Saturday, January 22, 2005

The Third Right

While looking at my TTLB ranking (quite obsessively, I may add!) I found this guy right next to me. Looks like a smart fellow, except he may have gotten his wires crossed on one assertion:


The problem today between the religious and non-religious in Israel today is one that cannot be understated. It is the cause of continual strife, and it has a most obvious cause that everyone overlooks -- democracy. Yes, democracy, that god that failed, as Hoppe called it, is the root cause of much of the hatred that brews among brethren today in Israel, because the political process in the Israeli government is inherently designed to force people into a continual string of fighting to get what they want at the expense of the losers.

End the democracy and socialism in Israel, and replace it with a free market economy, and there will be peace among the Jews there.


I didn't know that democracy and a free market economy were mutually exclusive.

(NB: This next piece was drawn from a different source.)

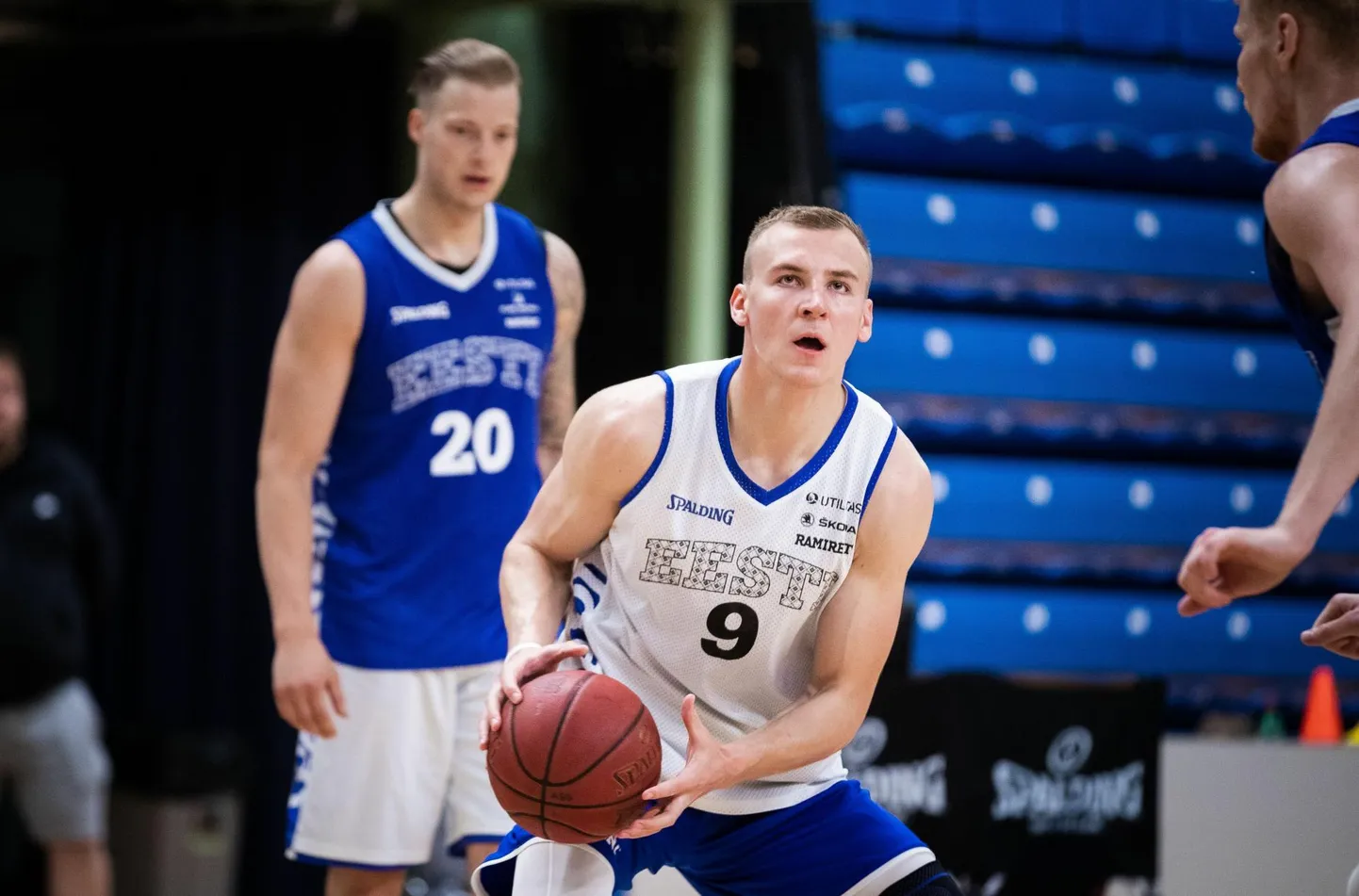 Pärnu Sadama kevadel Eesti meistriks aidanud ääremängija Artur Konontšuk hakkab uuel hooajal mängima Kalev/Cramos.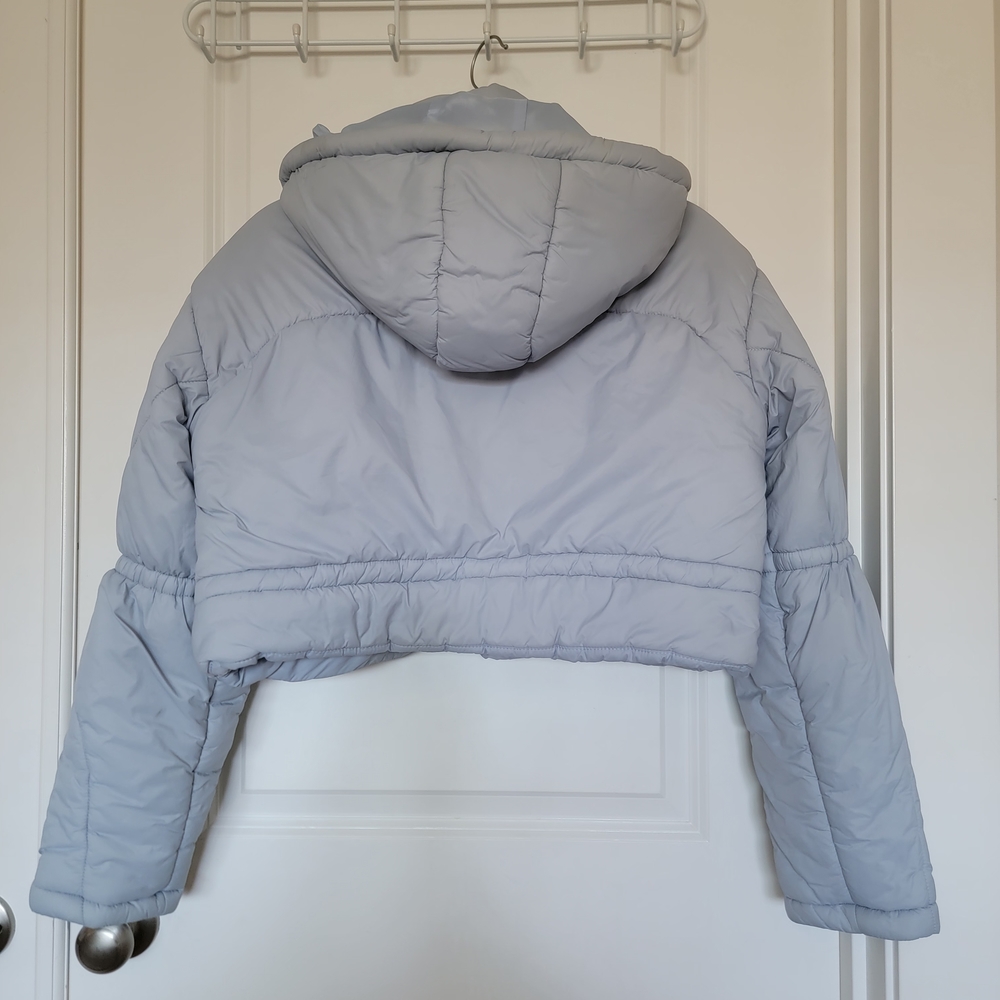 Forever 21  Light Blue Cropped Puffer Jacket - Picture 4 of 4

Nor did I know that democracy and socialism always occurred together. Granted, pure democracy leads to infringement on liberties, but it also works to protect rights. Just look at Classical Athens: free enough to have Socrates, but harsh enough to kill him. In modern times, we have curbed these democratic excesses. America is unique, it split the atom, with the limitations on the powers of government, even that of democratic majority against a minority.

Let suppose that Man has three expressions of his person: his body, his mind, and his property. Modern politics has developed so that, in succession, each is protected. Beginning in English common law, the people limited government’s power to seize, detain, and imprison a person. Beginning in America, the people limited government’s power to infringe on opinion and expression. Yet the third element of man has never been fully secured. Our constitution prohibits non-reimbursed "takings", but that prohibition is vitiated by our governments unlimited taxation power. In terms of property right's protection, we are on the same level as the colonists were with protection of bodily rights. The colonists had some small requirements of habeas corpus and fair trial, but still allowed slavery and huge civil rights violations. Now, we have some pro-forma laws protecting property, but do not anything resembling full protection of that property against government disposal.

To fix the problem, I would propose a law or amendment that goes something like this:

Neither Congress, nor the states, nor any governmental entity under this Constitution shall make any law infringing on the people's rights of ownership, use, or disposal of their individual property, unless such law shall directly and proximately prevent the use of force or fraud against said property rights.

A pipe dream? Not necessarily. In some states, it is quite easy, by referendum, to propose and pass a constitutional amendment. Such states could serve as an example of what happens when you take the handcuffs off of people's industriousness enlightened self-interest.